I should note that the derived classes don't introduce any additional variables, so both the base and derived classes should be the same size in memory.
I'm open to destroying the old object and creating a new one, as long as I can create the new object at the same memory address, so existing pointers aren't broken.
The following attempt doesn't work, and produces some seemingly unexpected behaviour. What am I missing here?
#include <iostream>
class Base {
public:
virtual void whoami() {
std::cout << "I am Base\n";
}
};
class Derived : public Base {
public:
void whoami() {
std::cout << "I am Derived\n";
}
};
Base* object;
int main() {
object = new Derived; //assign a new Derived class instance
object->whoami(); //this prints "I am Derived"
Base baseObject;
*object = baseObject; //reassign existing object to a different type
object->whoami(); //but it *STILL* prints "I am Derived" (!)
return 0;
}
You can at the cost of breaking good practices and maintaining unsafe code. Other answers will provide you with nasty tricks to achieve this.
I dont like answers that just says "you should not do that", but I would like to suggest there probably is a better way to achieve the result you seek for.
The strategy pattern as suggested in a comment by #manni66 is a good one.
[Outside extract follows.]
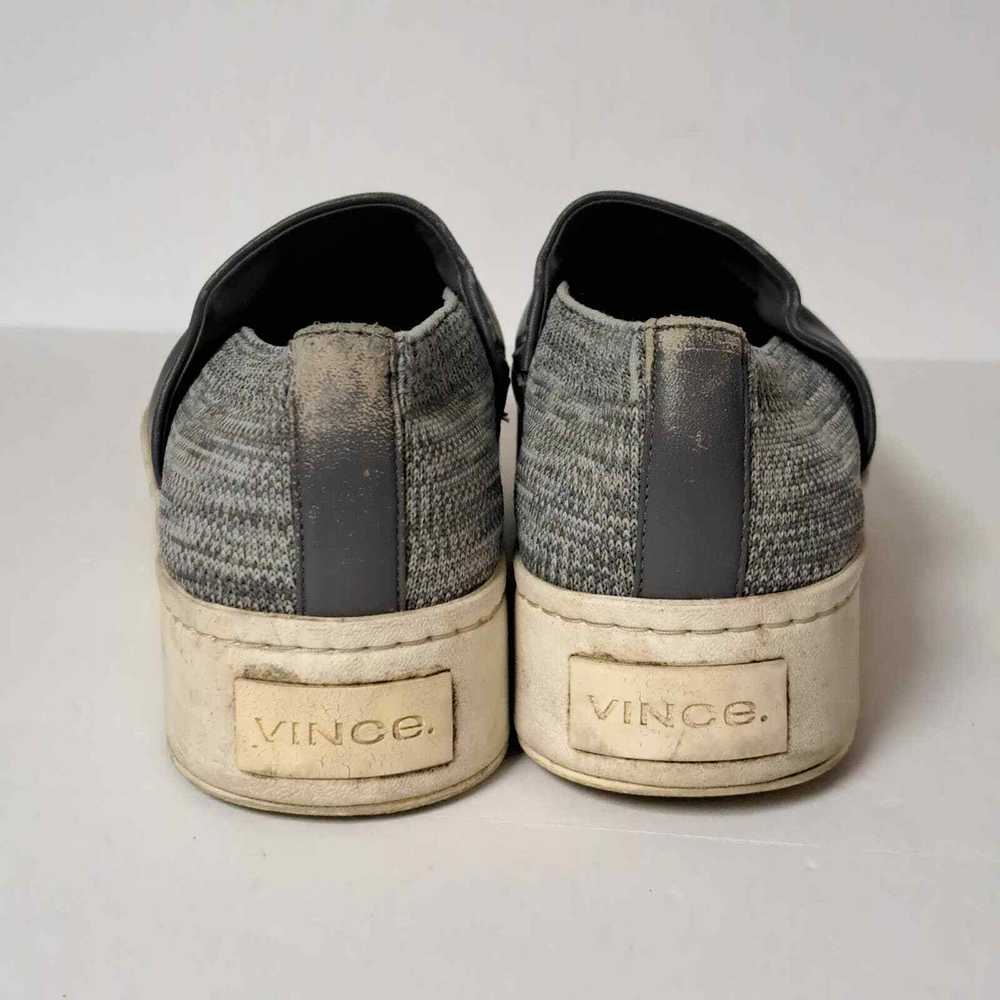 Vince Womens Ward Sneakers 6.5M Gray Platform Kni… - image 9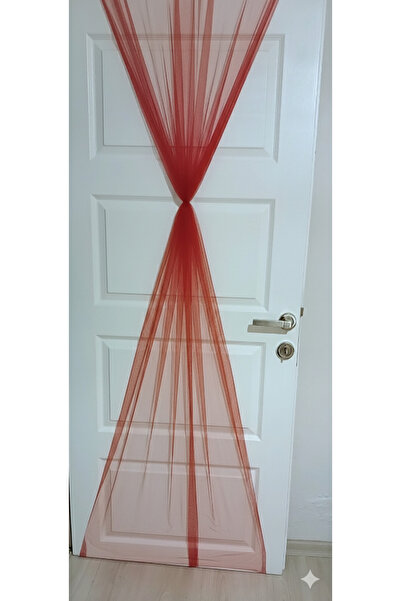 Mutlu Başlangıçlar Arkası Lastikli Pratik Kapı Süsleme Tülü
You should also think about data oriented design, since a class hierarchy does not look like a wise choice in your case.
Yes and no. A C++ class defines the type of a memory region that is an object. Once the memory region has been instantiated, its type is set. You can try to work around the type system sure, but the compiler won't let you get away with it. Sooner or later it will shoot you in the foot, because the compiler made an assumption about types that you violated, and there is no way to stop the compiler from making such assumption in a portable fashion.
However there is a design pattern for this: It's "State". You extract what changes into it's own class hierarchy, with its own base class, and you have your objects store a pointer to the abstract state base of this new hierarchy. You can then swap those to your hearts content.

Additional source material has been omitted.